◆ PROMPT ◆
Copy out the entries word for word, leaving images aside.

◆ Data items ◆
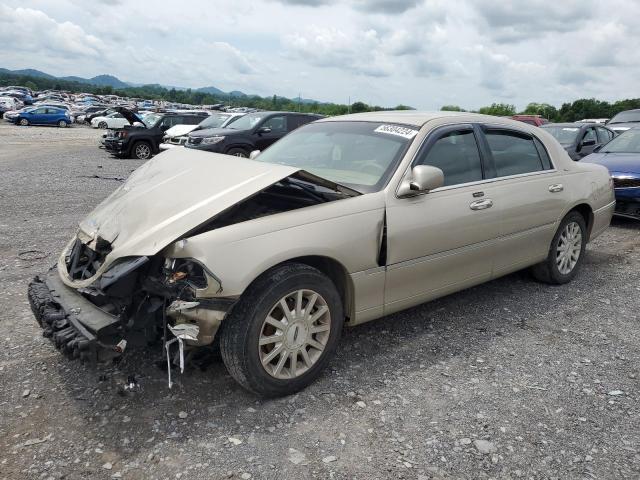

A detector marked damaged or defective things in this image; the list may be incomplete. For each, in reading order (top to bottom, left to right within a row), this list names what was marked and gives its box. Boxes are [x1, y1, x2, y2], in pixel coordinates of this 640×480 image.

detached bumper piece [28, 272, 122, 362]
damaged front bumper [28, 272, 122, 362]
crushed front end [28, 234, 235, 366]
bent hood [77, 149, 300, 258]
damaged beige sedan [28, 112, 616, 398]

◆ RESPONSE BOX ◆
A detector marked damaged or defective things in this image; the list may be incomplete. For each, in reading order (top to bottom, left to right within a row), this list names what was marked and gives its box. Boxes are [x1, y1, x2, y2], in pixel coordinates of this 640×480 image.

detached bumper piece [28, 272, 122, 362]
damaged front bumper [28, 272, 122, 362]
crushed front end [28, 234, 235, 366]
bent hood [77, 149, 300, 258]
damaged beige sedan [28, 112, 616, 398]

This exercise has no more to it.